§ **What is being asked**
What you give back should be exactly the lines from the one with "The δ13C values" through the end of the data, without the pictures.

**** Source records

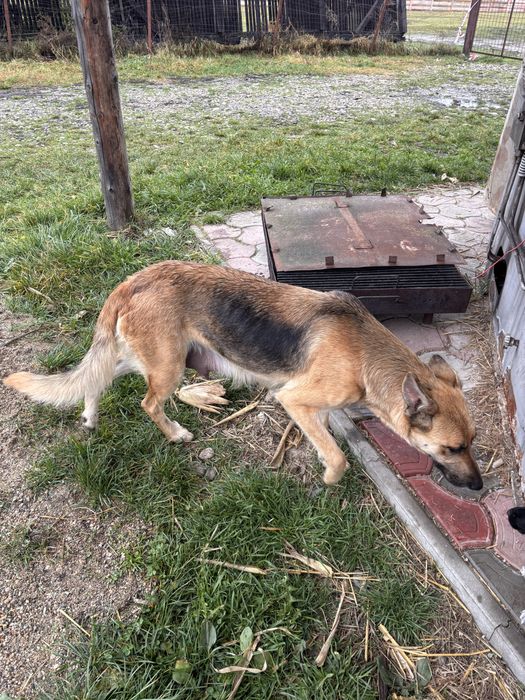 Donez căței!Ofer spre adoptie catei frumosi si jucăuși .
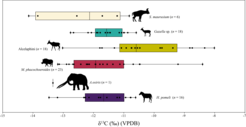 The δ13C values of the ungulates from the Plio-Pleistocene site of AaO.
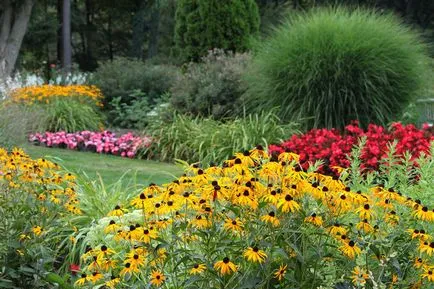 Rudbeckia perenă - plantare și îngrijire în câmp deschis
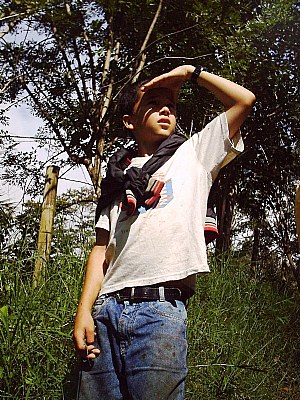 Just looking for.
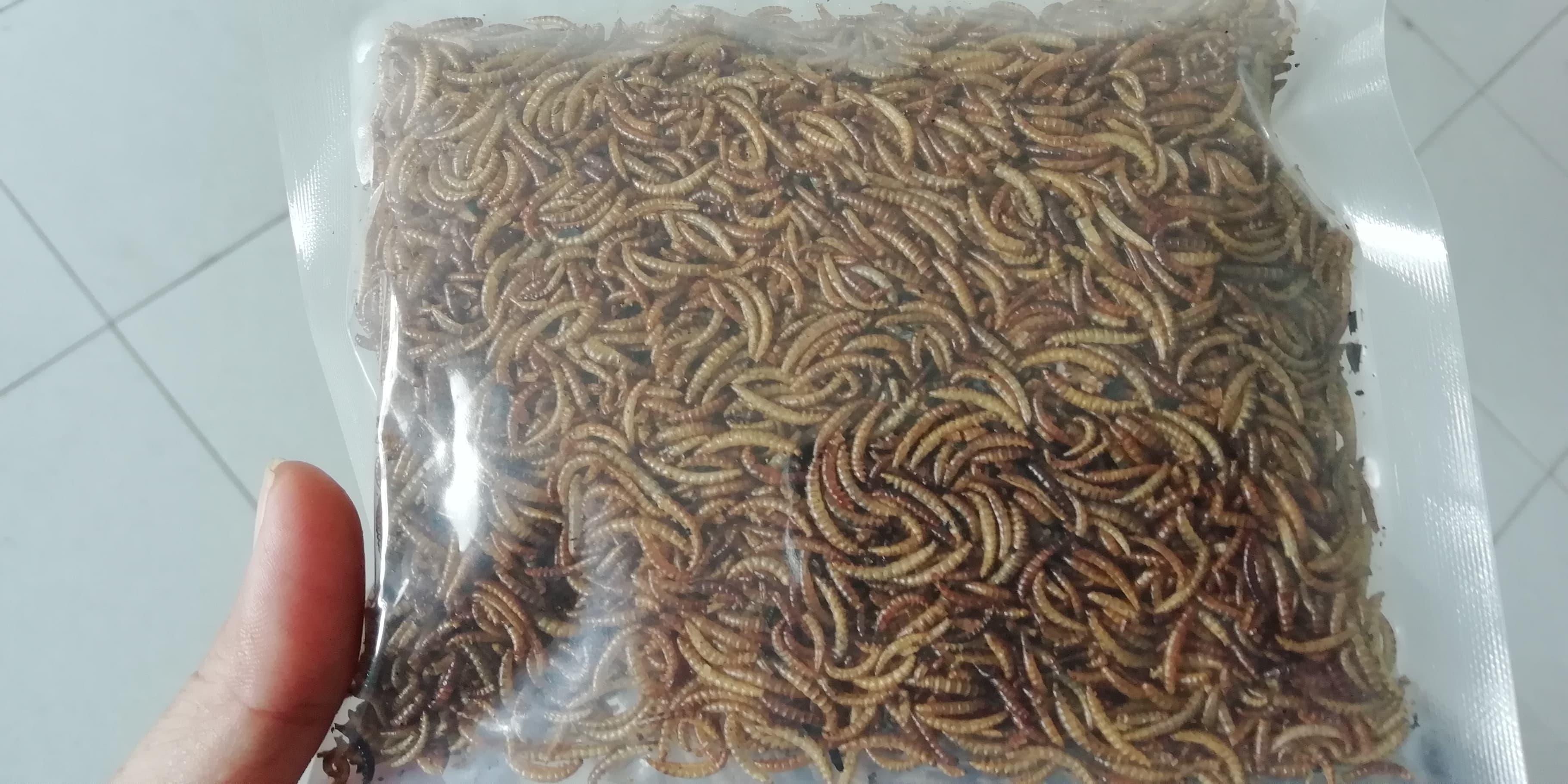 Sâu sấy khô hamster cung cấp đầy đủ dinh dưỡng giúp mượt lông và tăng năng lượng hoạt động sử dụng lâu dài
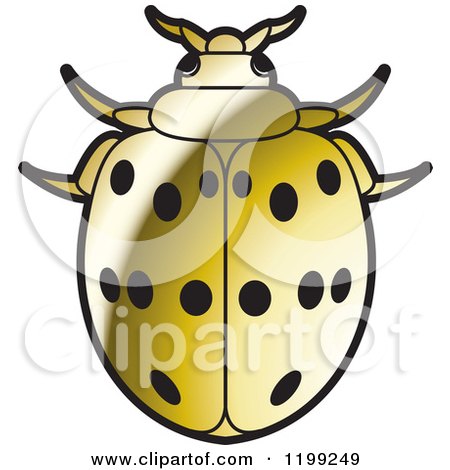 Clipart of a Golden Maxican Bean Lady Beetle - Royalty Free Vector Illustration by Lal Perera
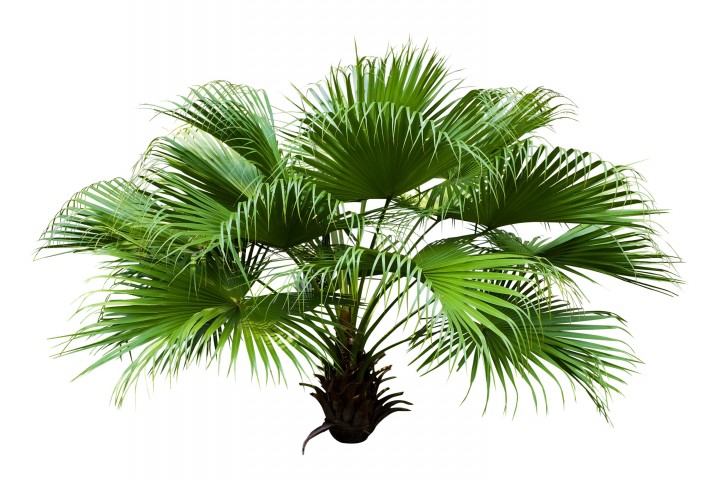 chinese fan palm isolated on white background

********

§ **Exercise answer**
 The δ13C values of the ungulates from the Plio-Pleistocene site of AaO.
 Rudbeckia perenă - plantare și îngrijire în câmp deschis
 Just looking for.
 Sâu sấy khô hamster cung cấp đầy đủ dinh dưỡng giúp mượt lông và tăng năng lượng hoạt động sử dụng lâu dài
 Clipart of a Golden Maxican Bean Lady Beetle - Royalty Free Vector Illustration by Lal Perera
 chinese fan palm isolated on white background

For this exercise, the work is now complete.